Skip to content
Kubernetes 14 min read

The Kubernetes Security Audit Checklist

Every cluster we audit has at least one finding in the critical range within the first hour. This is the checklist we run through — what to look for, why it matters, and how to fix it without breaking production.

Before you start

This checklist is written for platform engineers, DevSecOps leads, and security reviewers who have shell access to the cluster and are allowed to run read-only tooling against the control plane and workloads. If you're running a managed offering (EKS, GKE, AKS), some items will be handled by the cloud provider — note them, don't skip them.

A full audit following this checklist takes 2-4 days for a single cluster with 50-200 workloads. If you want a faster baseline, run the CIS Benchmark automation first (section 1) and triage from there.

Diagram

1. CIS Kubernetes Benchmark baseline

Start with automated benchmarking. kube-bench runs the CIS Kubernetes Benchmark against your nodes and control plane components and produces a list of deviations. It's imperfect on managed offerings (many control-plane checks don't apply) but it's the cheapest, fastest signal you can get.

  • Run kube-bench as a Job in-cluster and export the results
  • Separate control-plane findings from worker-node findings
  • For managed clusters, mark control-plane items as "provider-handled"
  • Triage worker-node findings by severity, not by volume

Most common real findings: kubelet anonymous auth enabled, the legacy kubelet read-only port (10255) still enabled on older nodes, audit logging disabled, and encryption at rest using default (none). These are the ones worth fixing regardless of what the tool reports.

2. RBAC and least privilege

This is where we find the biggest real-world risk.

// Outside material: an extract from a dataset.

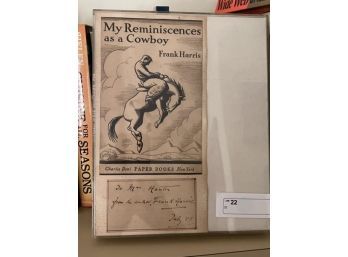Book Cover & Not From Author 'My Reminiscences A Cowboy' By Frank Harris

Default cluster installs often grant cluster-admin to more principals than anyone remembers, and service accounts accumulate permissions nobody ever removes.

What to audit

  • Every ClusterRoleBinding and RoleBinding: who does it bind to, and does that principal still exist?
  • Every ServiceAccount in every namespace: what permissions does it have, and does its workload actually need them?
  • Wildcards in rules. verbs: ["*"], resources: ["*"], and apiGroups: ["*"] are almost always too broad.
  • The default service account in every namespace. If workloads are using it, they shouldn't be — give each workload its own.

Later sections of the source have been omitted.